Tabella II: Risultati della terapia “AML like” nelle s-LAM
Leucemia mieloide acuta therapy related (t-LAM)
Le t-LAM costituiscono un gruppo distinto di leucemie mieloidi acute, che insorgono dopo una documentata esposizione ad agenti mutageni. Nella quasi totalità dei pazienti con t-LAM, la leucemogenesi è conseguenza di esposizione a chemio e/o radioterapia (Godley LA, Larson RA, 2008; Feldman EJ, 2011). Non esistono alterazioni citogenetiche specifiche delle t-LAM, ma in questi pazienti le aberrazioni cromosomiche sfavorevoli (soprattutto anomalie del cromosoma 7 e cariotipo complex) sono molto più frequenti che nelle forme de novo e ciò rende ragione della prognosi spesso infausta. Come già accennato in introduzione, nella classificazione WHO le t-LAM costituiscono un gruppo distinto e nell’ultima formulazione è stata eliminata la distinzione tra t-LAM secondarie ad agenti alchilanti e t-LAM secondarie a inibitori di topoisomerasi 2. La spiegazione che gli autori forniscono di tale revisione è che non vi sono sostanziali differenze tra le due forme per quanto riguarda le alterazioni citogenetiche e la prognosi, che rimane comunque sfavorevole, anche se le caratteristiche clinico-ematologiche sono sostanzialmente diverse (Tabella III).

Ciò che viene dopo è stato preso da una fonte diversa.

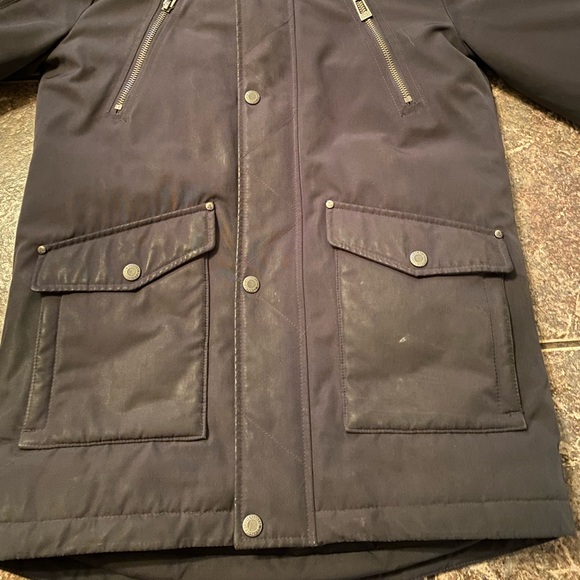 Boy or girl unisex pre own winter coat in excellent condition . Size s - m - Picture 3 of 9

Tabella III: Principali differenze biologiche e cliniche tra LAM secondarie a terapia con alchilanti e LAM secondarie a terapia con inibitori di topoisomerasi 2
Viene comunque raccomandato di specificare nel report diagnostico la aberrazione cromosomica presente nel paziente (Vardiman JW et al, 2002; Vardiman JW et al, 2009). Dal punto di vista morfologico, oltre il 90 % dei pazienti con t-LAM presenta anomalie displastiche bi- o triseriali e può essere presente un certo grado di fibrosi midollare. Nella maggior parte dei casi, le t-LAM secondarie ad alchilanti si sviluppano dopo 5-7 anni dall’esposizione al farmaco e/o radioterapia e vi è correlazione tra la dose e rischio leucemogeno. E’ stato anche molto dibattuto in queste forme di LAM il potenziale ruolo del trapianto autologo (soprattutto per i linfomi Hodgkin e non-Hodgkin), ma diverse evidenze suggeriscono che piuttosto che al condizionamento a trapianto, il rischio di t-LAM è fondamentalmente correlato alle terapie di salvataggio precedentemente somministrate.Diverse evidenze infatti suggeriscono che il danno genetico in un numero non trascurabile di pazienti è già presente prima della procedura di autotrapianto (Smith SM et al, 2003; Hake CR et al, 2007). Il ruolo dello stress genotipico indotto da una o più mobilizzazioni rimane invece incerto (Hershman D et al, 2007). Nella Figura 1 vengono illustrate le diverse condizioni morbose associate a rischio di LAM nell’esperienza della Divisione di Ematologia dell’Ospedale Cardarelli di Napoli nel corso degli ultimi 10 anni. Per quanto concerne le anomalie cromosomiche, le t-LAM post-alchilanti si associano tipicamente ad alterazioni dei cromosomi 7 e 5, con prevalenza di monosomie. Non è rara l’associazione ad altre aberrazioni nell’ambito di cariotipi complessi. Al contrario, nelle t-LAM post-terapia con inibitori di topoisomerasi 2, le alterazioni più frequenti coinvolgono le bande 11q23 e 21q22. Rispetto alle t-LAM post-alchilanti, le forme secondarie a inibitori di topo isomerasi 2 hanno sviluppo più rapido (2-3 anni dopo la terapia), spesso non sono precedute da una MDS, hanno maggiore tendenza alla iperleucocitosi e sono più sensibili alla chemioterapia (Godley LA, Larson RA, 2008; Feldman EJ, 2011; Smith SM et al, 2003).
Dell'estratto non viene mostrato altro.